Another important assumption is that the errors are normally distributed. While OLS can still produce reasonable coefficient estimates with non-normal errors, the confidence intervals and significance tests depend on normality to be accurate, especially in smaller samples.
Checking Whether Your Model Works
After fitting an OLS model, you check its validity by examining the residuals, which are the differences between actual and predicted values. Two diagnostic plots do most of the heavy lifting.
A residuals vs. fitted values plot displays predicted values on the horizontal axis and residuals on the vertical axis. If the model is well-specified, you should see residuals scattered randomly around a horizontal line at zero, with no discernible pattern. A curved pattern suggests the relationship isn’t linear. A funnel shape (residuals spreading wider as fitted values increase) signals heteroscedasticity.

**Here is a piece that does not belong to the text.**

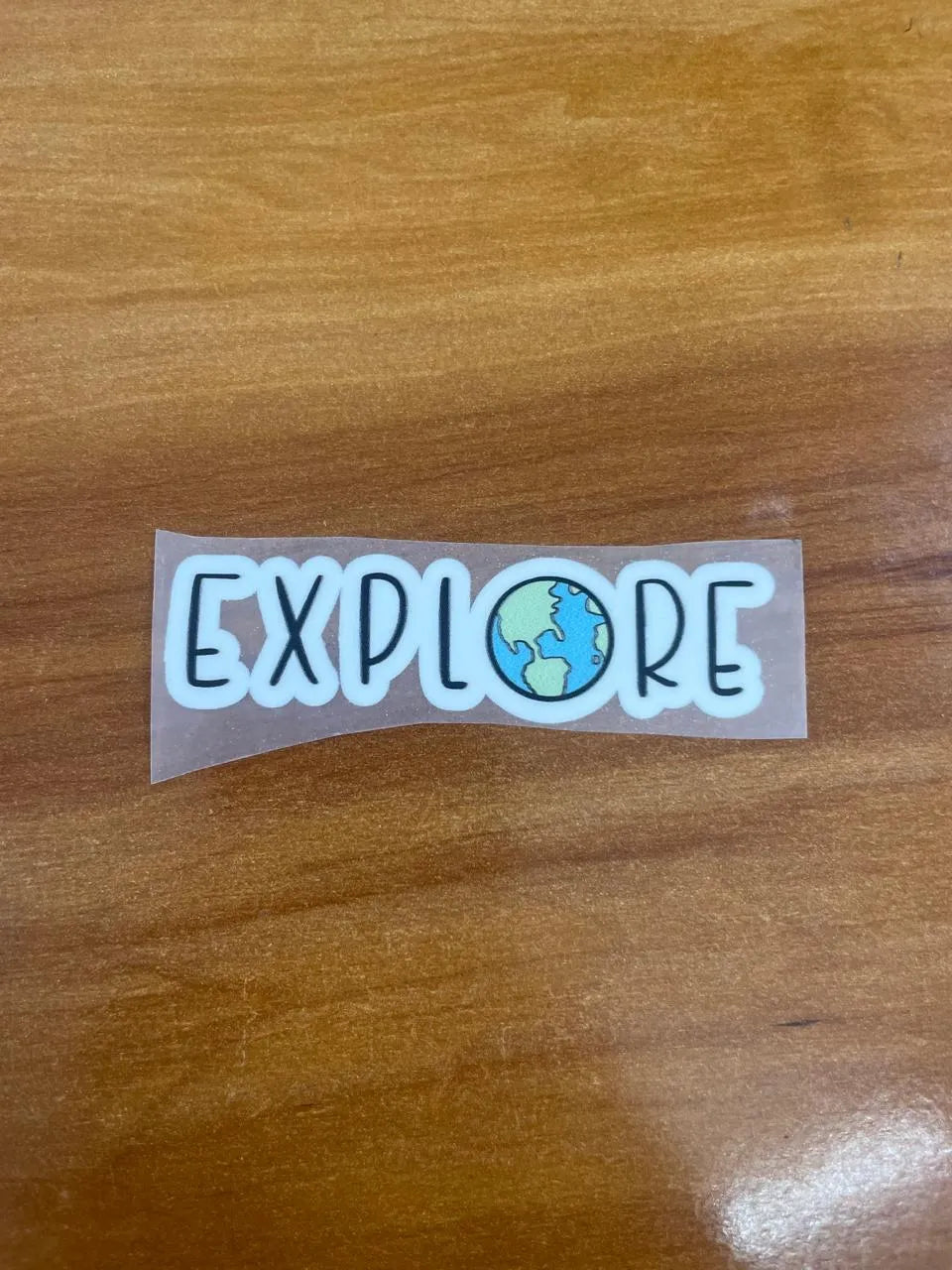 Wander Often – Iron on patch – Travel Diaries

A Q-Q (quantile-quantile) plot checks whether the residuals follow a normal distribution. It plots the residuals against the values you’d expect if they were perfectly normal. Points falling along a straight diagonal line indicate normality. Severe deviations at either end suggest heavy tails or skewness in the errors, which can undermine the reliability of your significance tests.
Sensitivity to Outliers
Because OLS minimizes squared errors, it gives disproportionate weight to extreme values. A single data point that sits far from the general pattern can pull the entire regression line toward it, distorting both the slope and intercept. Research published in PLOS ONE found that OLS has a low “breakdown point,” meaning even one outlier can meaningfully bias the results. In a study of antiplatelet therapy costs, for instance, OLS produced lower estimates of treatment benefit than robust alternatives specifically because outliers in the cost data dragged the estimates down.
This sensitivity is both a strength and a weakness. In clean data, it produces highly efficient estimates. In messy real-world data, especially financial or medical cost data where extreme values are common, it may require supplementary techniques. Identifying and investigating outliers before finalizing your model is a standard and necessary step in any OLS analysis.